Namun demikian Ike yang terus-terusan di akali oleh pengembang dan para penegak hukum tak gentar dan tak mundur selangkah pun dalam melawan rentetan ketidak adilan yang dialaminya.
Ike-pun meminta perlindungan dari Kompolnas, Ombudsman RI, Komnas HAM, Komnas Perempuan, Indonesian Police Watch, DPR RI, bahkan Presiden dan Kemenkumham RI.
Atas kriminalisasi terhadap korban mafia tanah ini, Dirjen HAM Dr. Mualimin Abdi kemudian melayangkan surat kepada Fadil Imran selaku Kapolda Metro Jaya.
Dan merekomendasikan agar menghentikan penyidikan laporan PT EPH yang menuduh Ike telah melakukan pemalsuan novum.
Rekomendasi itu muncul karena telah ada Putusan PN Jaksel No. 119/Pdt.Bth/2022/PN.Jkt.Sel tanggal 3 Agustus 2022 yang menyatakan bahwa PT EPH adalah Pelawan yang tidak benar dan seluruh dalilnya ditolak oleh Majelis Hakim.
Dapat disimpulkan bahwa seluruh dalil dari Grup PT Pakuwon Jati/PT EPH adalah tidak benar. Dalil yang sama juga dijadikan EPH dalam mengkriminalisasi Ike di Polda Metro.
Selain itu, Ike melalui kuasa hukumnya juga telah mengirimkan surat kepada Kapolri, Irwasum Mabes Polri, Kompolnas RI, Kadiv Propam, Kapolda Metro Jaya sejak Januari 2022 hingga November 2022.
“Sudah banyak surat yang kami kirimkan, belasan mungkin puluhan surat meminta perlindungan dan penegakkan hukum atas dugaan pelanggaran kode etik oknum kepolisian,” tegas Putri salah satu tim kuasa hukum Ike.
“Diduga adanya oknum yang bersindikasi dengan pengembang dalam mengkriminalisasikan dirinya selaku pembeli yang tidak bersalah.
Kita tidak boleh ragu untuk menyatakan sesuatu yang benar adalah benar, dan yang salah adalah salah. Klien kami didiskriminasikan, alasannya selalu berubah-ubah,” jawab Putri.

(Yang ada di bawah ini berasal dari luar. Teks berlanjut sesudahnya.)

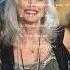 Emmylou Harris New Reggaeton Hits Very Pleased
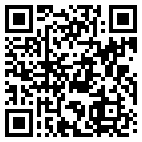 QR Code for Steven Stair in Hollywood, FL 33024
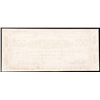 Image 2 : The Glory Bank $20 Satirical Bank Note, Washington, Twenty Dollars in Glory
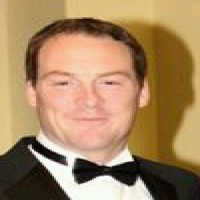 Sherwin Civil Engineering Ltd Chris Sherwin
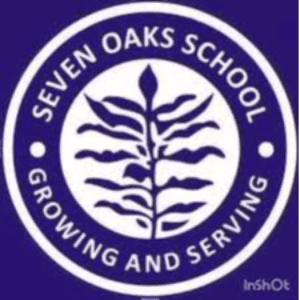 seven oaks school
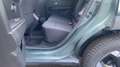 Dacia Duster NUOVO 1.2 mild hybrid Extreme 4x4 Vert - thumbnail 24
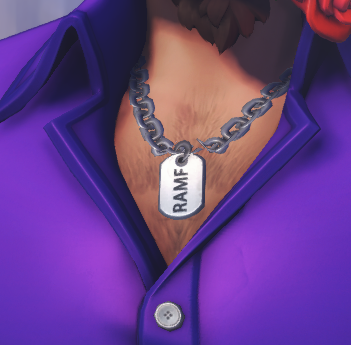 fangfillet's tweet photo. ??? raw? https://t.co/fR6Ecmlk3L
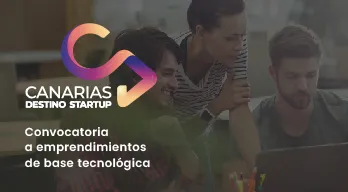 agregar descripción de la imagen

“Karena Ike Farida adalah perempuan yang kawin dengan WNA menurut Pakuwon tidak berhak beli apartemen, disuruh bercerai, atau pinjam nama salah satu perusahaan mereka sebagai pembeli, dan macam- macam alasannya.

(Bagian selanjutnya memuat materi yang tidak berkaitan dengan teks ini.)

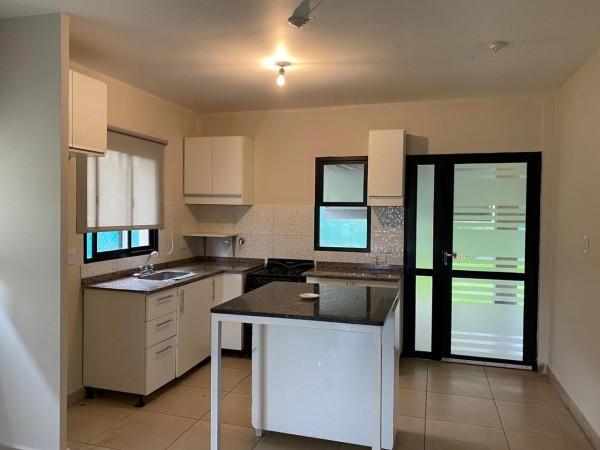 ALQUILER ALTO VERDE 2 CASA 3D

Setelah diberikan perjanjian kawin pun tetap tidak diserahkan. Sekarang sudah ada 4 putusan final (inkracht) dari Mahkamah Agung-pun tetap diabaikan. Kepolisian juga punya semua bukti-bukti tersebut, tapi tetap mengabaikannya,” tegas Putri.
“Rakyat kecil dieksploitasi sebagai objek pengkriminalisasian, diintimidasi dengan dalih bahwa penyidik punya kewenangan untuk menyidik, menjadikan tersangka atau memasukkan seseorang dalam DPO, itukan tidak benar,” tambah Putri.
Kami harap, sambung Ike, Bapak Presiden RI, Menkopolhukam dan Kapolri mengambil langkah tegas, dengan mengganti orang-orang yang tidak profesional, menyalahgunakan kewenangan, dan melanggar hukum serta kode etik.
“Perlindungan hukum terhadap masyarakat yang dinakali oleh para penguasa harus segera dilakukan dalam waktu secepat-cepatnya, dan tanpa pandang bulu karena keamanan, keadilan, dan kesejahteraan mutlak harus didapatkan setiap orang,” pungkas Ike.